# Introduction

This notebook downloads PDF files from FEMA and processes them with Open AI's GPT-4 to create bot for answering questions about preparing for various disasters.

# Setup
## Environment
This notebook runs on Python 3.9 and package versions as outlined in `environment.yml`. A miniconda environment has been supplied, which you can use with ...

1. Install [miniconda](https://docs.conda.io/en/latest/miniconda.html) by selecting the installer that fits your OS version. Once it is installed you may have to restart your terminal (closing your terminal and opening again)
2. In this directory, open terminal
3. `conda env create -f environment.yml`
4. `conda activate stay_safe_bot`

## Data

PDF Files were downloaded from FEMA as noted in the table below, and saved into the folder `./data`.


Note: I didn't automatically download data intentionally, as this is only an exploratory analysis and to adhere to FEMA websites terms and conditions.

# Analysis

In [5]:
import os
from langchain.document_loaders import PyPDFDirectoryLoader
from langchain.document_loaders import PyPDFLoader 
from langchain.embeddings import OpenAIEmbeddings 
from langchain.vectorstores import Chroma 
from langchain.chains import ConversationalRetrievalChain
from langchain.memory import ConversationBufferMemory
from langchain.llms import OpenAI

os.environ["OPENAI_API_KEY"] = "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"
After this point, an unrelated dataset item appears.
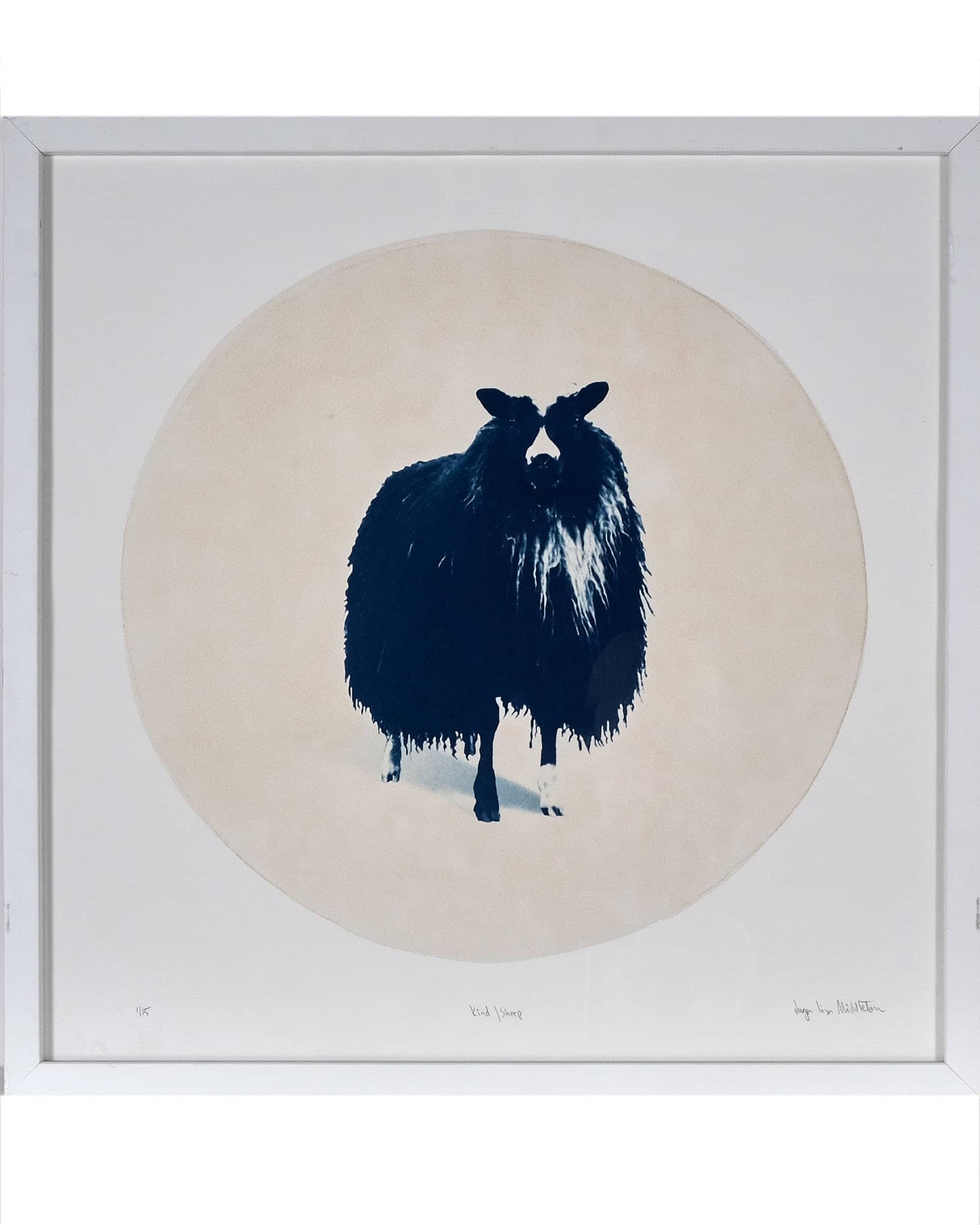 Kind / Sheep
pdf_folder_path = f'./data'

## Read PDF Documents

In [6]:

print(os.listdir(pdf_folder_path))
loader = PyPDFDirectoryLoader(pdf_folder_path)
docs = loader.load()

['fema_scenario_10_power_outage_answer_key_01102020.pdf', 'LanchainPDFs-20230814T133731Z-001.zip', 'fema_scenario_7-shelter_in_place_TTX_answer_key_01102020.pdf', 'ready_12-ways-to-prepare_postcard.pdf', 'fema_safeguard-critical-documents-and-valuables.pdf', 'ready_document-and-insure-your-property.pdf', 'fema_scenario_7_shelter_in_place_01102020.pdf', 'fema_scenario_1-active_shooter-01102020.pdf', '.DS_Store', 'fema_protect-your-property_wildfire.pdf', 'fema_proteja-su-propiedad-inundaciones_2023.pdf', 'fema_proteja-su-propiedad-marejada-ciclonica_2023.pdf', 'fema_scenario_4-hurricane-01102020.pdf', 'fema_scenario_10_power_outage_01102020.pdf', 'fema_scenario_4_hurricane_flood_TTX_answer_key-01102020.pdf', 'fema_scenario_11_winter_storm_01102020.pdf', 'fema_protect-your-property_severe-wind.pdf', 'fema_proteja-su-propiedad-terremotos_2023.pdf', 'fema_protect-your-property-storm-surge.pdf', 'fema_scenario_8_earthquake_answer_key_01102020.pdf', 'fema_scenario_2-tornado_TTX_answer_key-01

## Index PDF Documents (calculate LLM embeddings)

In [7]:
embeddings = OpenAIEmbeddings()
vectordb = Chroma.from_documents(docs, embedding=embeddings, 
                                 persist_directory=".")
vectordb.persist()
memory = ConversationBufferMemory(memory_key="chat_history", return_messages=True)
pdf_qa = ConversationalRetrievalChain.from_llm(OpenAI(temperature=0.8) , vectordb.as_retriever(), memory=memory)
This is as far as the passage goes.